I think it would be fair to say that, over the course of crypto, three classes of coins have served as the backbone of the industry: BTC, ETH and ERC20 tokens, and stablecoins. It wasn’t until recently that stablecoins started to get the amount of attention as the other major sources of liquidity, but when it did the space exploded.

For years there was only one major stablecoin — Tether. And the truth is that, by market cap, it’s still the king, with nearly 90% of the total stablecoin dominance. But there are other projects with major attention in the space. For now we’ll focus on USDT and two others, which together represent the largest classes of stablecoins: USDC and DAI.

Without stablecoins, crypto liquidity venues would look a lot like Coinbase: coins trading against USD with wire transfer deposits and withdrawals.

There are two major reasons that stablecoins exist. The first is that, especially in crypto, banking can be difficult and unstable. It’s hard even to open a bank account as a crypto institution — anyone who’s tried has probably been told a few times that their business just doesn’t quite fit the risk profile of the bank. And even once you have one, they’re liable to be closed at any time; pretty much no major players in the space have never had a bank account shut down on them. And if you were relying on USD fiat support for your BTC/USD pair, losing your bank account can mean losing your exchange. More generally, many people in crypto just don’t trust banks at all, and would rather not be reliant on them.

The second major reason is transferability. If you have USD on Bittrex and want to send it to Coinbase you’re out of luck (unless you want to wait for wire transfers to clear). But if you have USDT on Kraken you can send it to Binance, and if you have USDC on OKEx you can send it to Uniswap.

For most of its history, crypto has been reliant on stablecoins. For years USDT and Bitfinex served as the sole fiat on/offramp for most of the non-US ecosystem. Everyone else piggybacked on their banking, and instead of support USD they just listed all of their markets against USDT. So users could send USD to Tether, create it, send it to any exchange, and then buy there — the Tether treasury really was supporting most o the industry.

But as more attention has come on stablecoins, so has more skepticism. And lots of people are worried about the systematic risk posed to the ecosystem by stablecoin collapse. If you want to know what could bring down markets on Binance, OKEx, Huobi and Bitfinex all at once — the answer is USDT imploding.

Not all stablecoins are made equal, though. And one question that many venues have to answer is exactly how much they trust them. What should an exchange’s primary BTC/USD(?) pair be? What collateral level should be allowed on a DeFi stablecoin loan?

Most people agree on the main strengths and weaknesses of the coins:

USDT

Strengths: market liquidity and USD backing. Weaknesses: regulatory status, proof of funds, banking risk. There are no broadly similar stablecoins.

USDC

Strengths: USD backing, trust, regulation. Weaknesses: market liquidity, banking risk, blacklisting. TUSD, PAX, HUSD, and BUSD are all close to equivalent, and a number of others (USDS, etc.) are similar.

DAI

Strengths: No banking/centralized risk. Weaknesses: market liquidity. A number of DeFi stablecoins are similar, e.g. sUSD.

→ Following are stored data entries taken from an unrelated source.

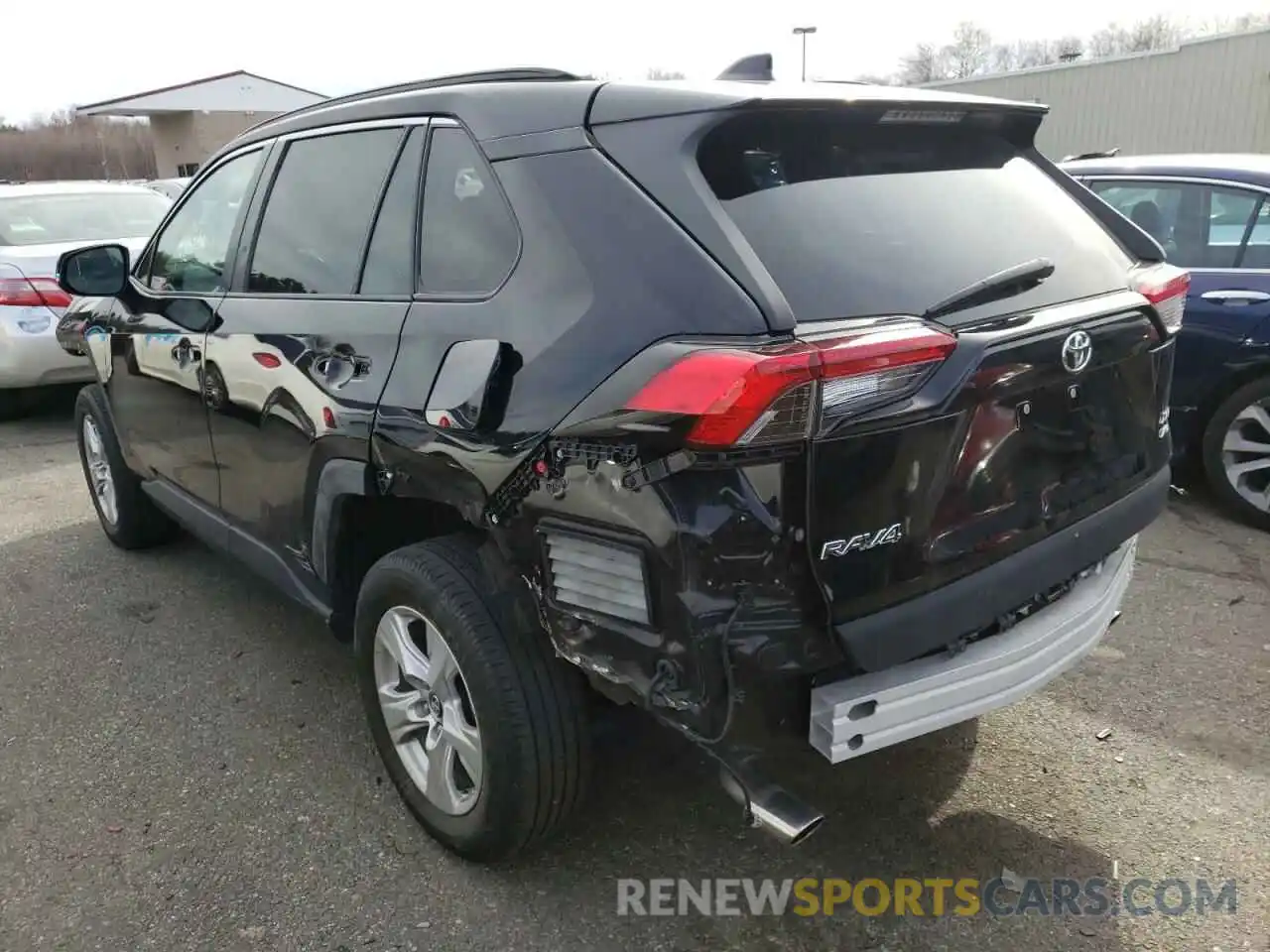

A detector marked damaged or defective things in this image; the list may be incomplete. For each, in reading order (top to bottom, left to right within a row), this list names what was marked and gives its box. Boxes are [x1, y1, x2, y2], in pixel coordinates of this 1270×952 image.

broken taillight lens [619, 324, 954, 451]
damaged rear bumper [808, 537, 1137, 767]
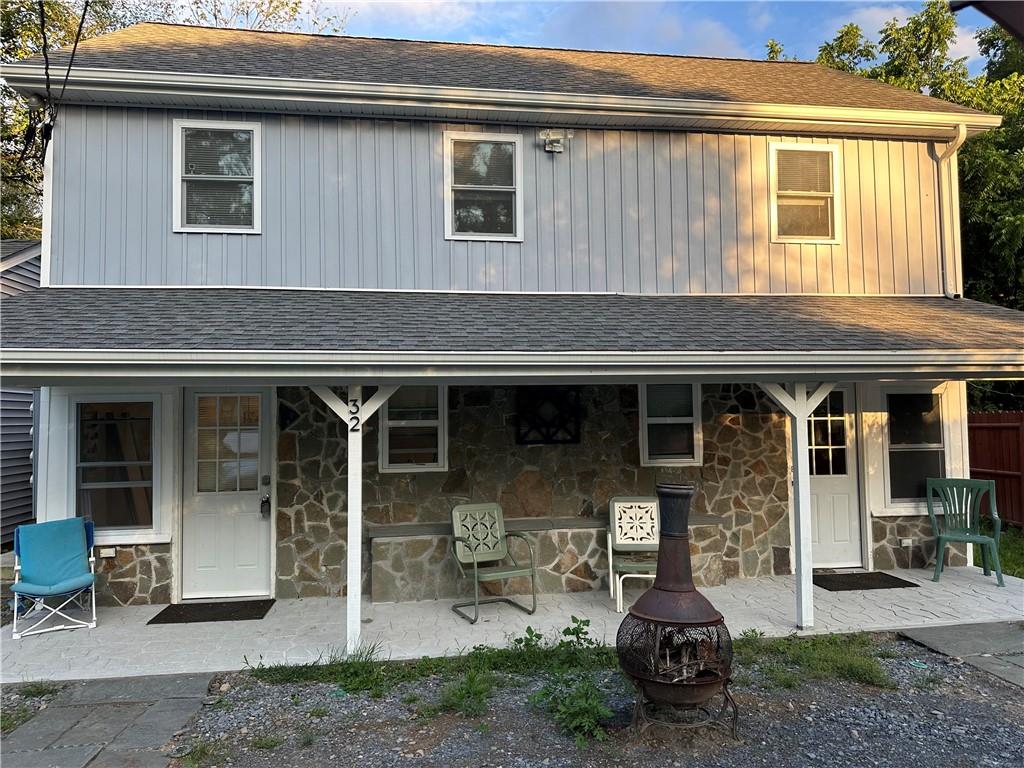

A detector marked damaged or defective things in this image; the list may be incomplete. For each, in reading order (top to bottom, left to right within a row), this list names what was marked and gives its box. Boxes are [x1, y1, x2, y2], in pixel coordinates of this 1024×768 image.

rusty chiminea [614, 483, 737, 737]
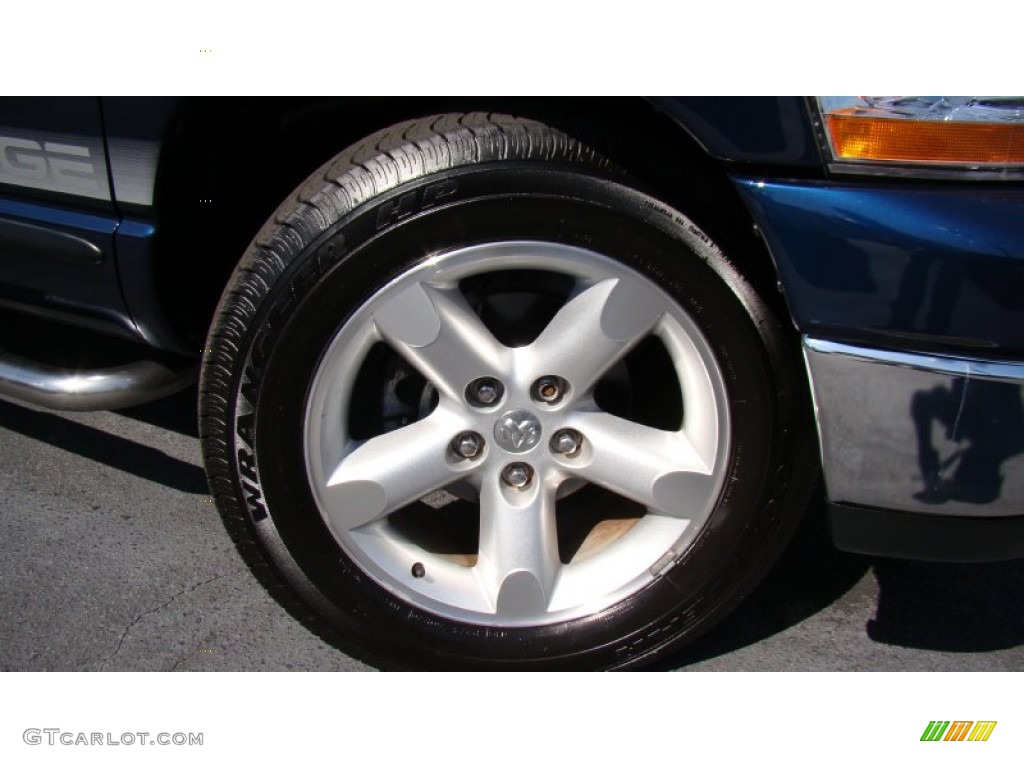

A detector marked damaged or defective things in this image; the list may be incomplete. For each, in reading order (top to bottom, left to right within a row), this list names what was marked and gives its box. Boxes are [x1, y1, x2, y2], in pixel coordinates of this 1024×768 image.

crack in pavement [93, 569, 240, 671]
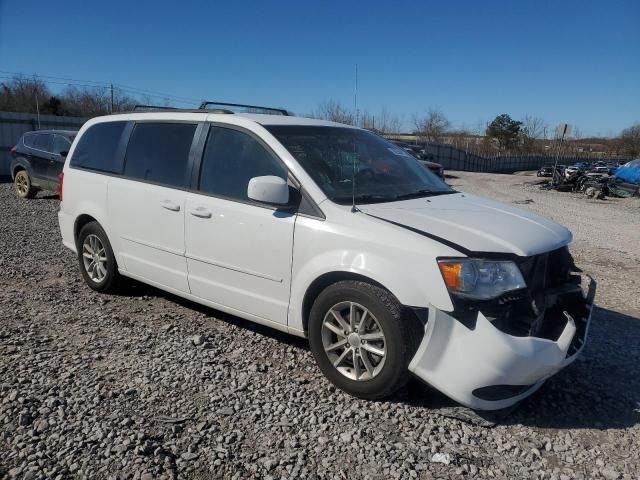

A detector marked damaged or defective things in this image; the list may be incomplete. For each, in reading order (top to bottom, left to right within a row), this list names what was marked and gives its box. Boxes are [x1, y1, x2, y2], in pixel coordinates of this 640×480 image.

broken headlight assembly [438, 258, 528, 300]
damaged front bumper [408, 274, 596, 408]
cracked bumper cover [408, 274, 596, 408]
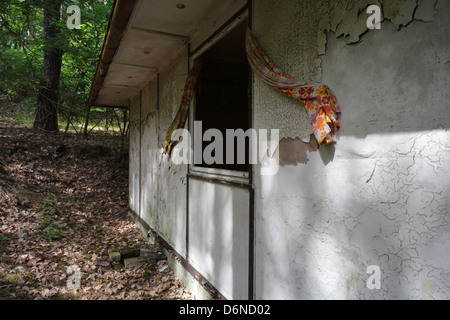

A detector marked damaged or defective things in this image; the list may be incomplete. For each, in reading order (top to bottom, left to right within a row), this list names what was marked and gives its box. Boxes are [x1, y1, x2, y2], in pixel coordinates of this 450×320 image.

broken window [193, 19, 250, 172]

How do you trade off between those?

Well, first you need to know the context. Are you worried about small dislocations or large ones? Are you worried about being regulated or about touching unregulated funds? Does your userbase have better banking or exchange connectivity?

There isn’t necessarily a one size fits all answer. But some of this is fairly universal. And in the end there are two dominant factors here:

  1. How much adoption does it have?
  2. How easy is it to create and redeem?

Liquidity is really important! But it’s mostly a function of those two factors: market liquidity comes from adoption, and peg stability comes from redemptions.

Adoption

No matter what platform you’re using, liquidity matters — in fact it’s possibly the most important factors for a stablecoin. How much size can you do without temporarily depegging it? How much liquidity will you expect in your markets?

USDT has the greatest market liquidity by far. It trades billions of dollars per day, and you can easily trade $100m of it on an exchange without moving the USDT peg close to 1%. No other stablecoin comes close. Sure, USDC is backed 1:1 by USD; try telling that to any of its orderbooks.

It’s worth emphasizing how significant this adoption dominance is. USDT vs USD represents a significant fraction — maybe the majority — of all OTC volume in crypto. The top 3 spot exchanges by volume are almost entirely USDT based. USDT has ten times the market cap of its nearest competitor and nearly 100 times the volume.

It’s worth noting, too, that USDT is particularly dominant outside of the west. Partially this is because banking is harder, and so the value of USDC’s on-ramp is lower; partially this is because regulation is seen much more skeptically. Many people in the west see a stablecoin and think “oh boy I sure hope this is backed by an FDIC insured bank account!” Many in Asia see one and think “I sure hope there’s no government affiliated institution that could freeze the majority of these funds”. Many people have wondered why bad Tether legal news didn’t crash USDT’s price more; the answer, probably, is that those who cared most about the news weren’t those who used Tether. Instead, the need for a digital form of wealth separate from any large government or institution, and the need to transfer it easily, tends to drive USDT demand.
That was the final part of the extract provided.